I know that many of you are doing Junowrimo. And you know my advice at this point is JUST KEEP WRITING. But this is the point in a book that you may feel a bit, well, lost. And so I’m going to give you my best advice about how to get UNlost:
When all else fails, go back and take a look at the hero/ine’s PLAN.
• What does the protagonist WANT?
• How does he PLAN to do it?
• What’s standing in her/his way?
Then once you’ve got your initial plan, you need to be constantly blocking that plan, either with your antagonist, or the hero/ine’s own inner conflict, or outside forces beyond her or his control. If the hero/ine were able to carry out the plan without a hitch, it wouldn’t make for very good drama, would it?
So throughout the second act, the antagonist has his or her own goal and plan, which is in direct conflict or competition with the hero/ine’s goal. We may actually see the forces of evil plotting their plots, or we may only see the effect of the antagonist’s plot in the continual thwarting of the hero/ine’s plans. Both techniques are effective.
This continual opposition of the protagonist’s and antagonist’s plans is the main underlying structure of the second act.
The hero/ine’s plans should almost always be stated. The antagonist’s plans might be clearly stated or kept hidden, but the effectof his/her/their plotting should be evident. It’s good storytelling if we, the reader or audience, are able to look back on the story at the end and understand how the hero/ine’s failures were a direct result of the antagonist’s scheming.
I’d like to demonstrate all of this by following a plan through a classic movie. And to celebrate the first day of summer, of course that movie is JAWS.
Book by Peter Benchley
Screenplay by Peter Benchley and Carl Gottleib
Directed by Stephen Spielberg
When in Jaws, Sheriff Brody is confronted with the problem of a great white shark eating people in his backyard (ocean), his initial PLAN is to close the beach to swimmers. He throws together some handmade “Beaches Closed” signs and sticks them in the sand. Problem solved, right?
Yeah, right.
If that initial plan had actually worked, Jawswouldn’t have made a gazillion dollars worldwide, not to mention cinematic history. The whole point of drama (including romance and comedy) is that the hero/ine’s plan is constantly being thwarted: by the main antagonist, by any number of secondary and tertiary opponents, by the love interest, by the weather, or by the hero/ine him or herself (because you know, we’re all our own worst enemies!).
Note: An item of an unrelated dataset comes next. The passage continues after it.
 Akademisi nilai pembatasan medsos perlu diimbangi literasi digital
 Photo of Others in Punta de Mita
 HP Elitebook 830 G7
So almost always, the initial plan fails. Or if it seems to succeed, it’s only to trick us for a moment — before we realize how wretchedly the plan has failed. That weak initial effort is because it’s human nature to expend the least effort possible to get what we want. We only take greater and more desperate measures if we are forced to. And a hero/ine being forced to take greater and more desperate measures is one of the cornerstones of dramatic action.
Now, in Jaws, the primary antagonist is the shark. The shark’s PLAN is to eat. Not just people, but whatever it can sink its teeth into. (Interestingly, that plan seems to evolve….)
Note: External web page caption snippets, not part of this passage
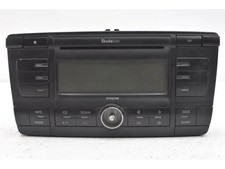 SKODA OCTAVIA II Combi 1Z5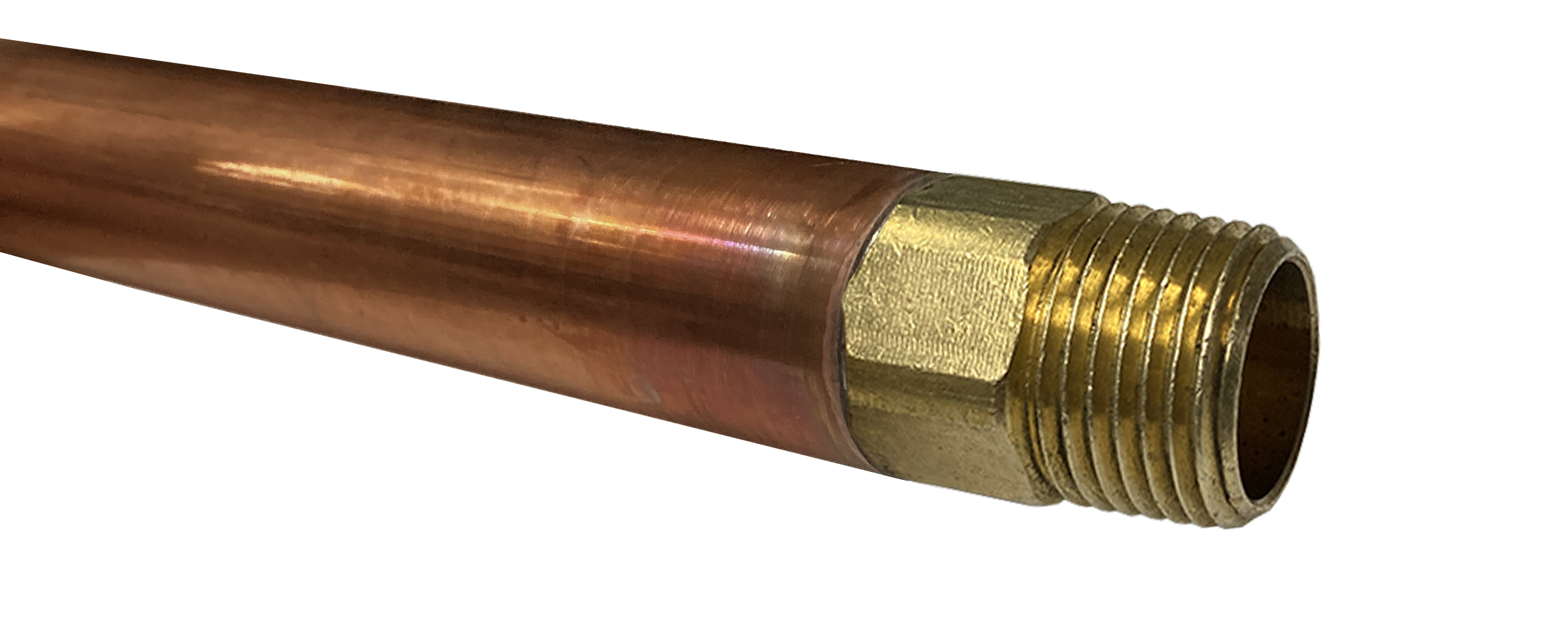 Prier Products 478-10L Silcock-Hose-Bibbs - View #11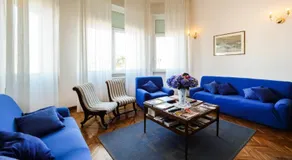 Hotel de la Ville - Image 2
Brody’s initial PLAN of closing the beaches might actually have solved his problem with the shark, because without a steady supply of food, the beast probably would have moved on to another beach with a better food supply.
But Brody’s initial PLAN brings out a secondary antagonist: the town fathers, led by the mayor (and with a nice performance by co-screenwriter Carl Gottleib as the newspaper editor). They don’t want the beaches closed because the summer months, particularly the Fourth of July weekend, represent seventy percent (or something like that) of the town’s yearly income. The officials’ PLAN is to keep the beaches open, a direct conflict to Brody’s plan. So the town fathers obliquely threaten new Sheriff Brody with the loss of his job if he closes the beaches, and Brody capitulates.
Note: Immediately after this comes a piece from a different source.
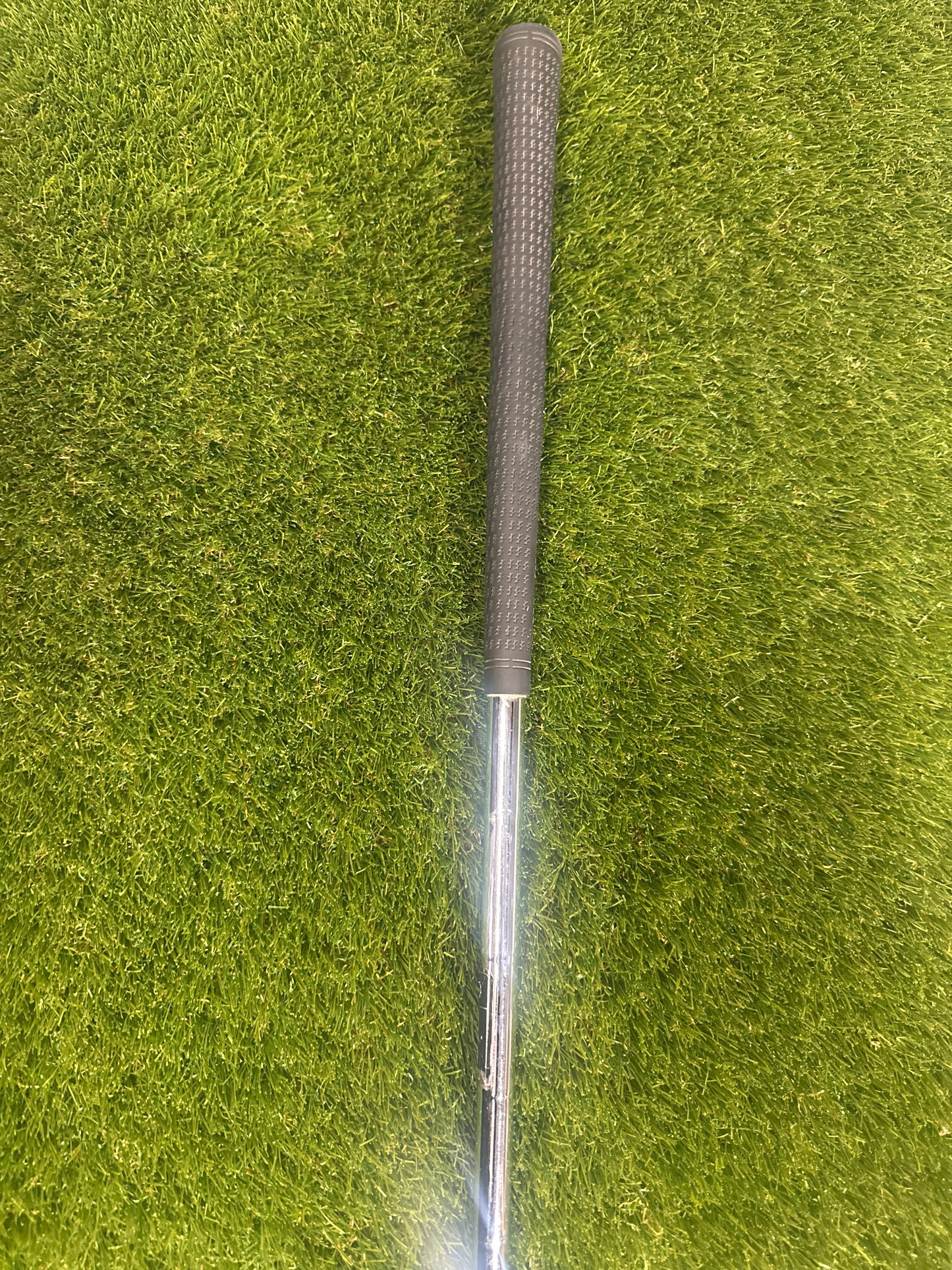 Titleist SM6 S Grind 54/10 Wedge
This proves disastrous and tragic when the very next day (as Brody watches the ocean from the beach, as if that’s going to prevent a shark attack!), another swimmer, a little boy, is killed by the shark practicing its PLAN.
The town fathers hold a town meeting and decide on a new PLAN: they will close the beaches for twenty-four hours. Brody disagrees, but is overruled. Eccentric ship’s captain Quint offers his services to kill the shark —for ten grand. The town fathers are unwilling to pay.
In response, Brody develops a new PLAN, one we see often in stories: he contacts an Expert From Afar, oceanographer Matt Hooper, a shark specialist, to come in and give expert advice.
Meanwhile a new antagonist, the grieving mother of the slain little boy, announces a PLAN of her own: she offers a bounty for any fisherman who kills the shark that killed her son.
The bounty brings on a regatta of fishermen from up and down the eastern seaboard. One of these crews captures a tiger shark, which the mayor is quick to declare is the killer shark. Case closed, problem solved, and the beaches can be reopened. Hooper is adamant that the shark is far too small to have caused the damage done to the first victim, and wants to cut the shark open to prove it. The mayor refuses, and is equally adamant that there is no more need for Hooper. We see that Brody secretly agrees with Hooper, but wants to believe that the nightmare is over. However, when the dead boy’s mother slaps Brody and accuses him of causing her son’s death (by not closing the beaches), Brody agrees to investigate further with Hooper (PLAN), and they sneak into cold storage to cut the shark open themselves to check for body parts. Of course, they discover it’s the wrong shark.
Brody’s revised PLAN is to talk the mayor into closing the beaches, but the mayor refuses again and goes on with his plan to reopen the beaches (and highly publicize the capture of the “killer” shark).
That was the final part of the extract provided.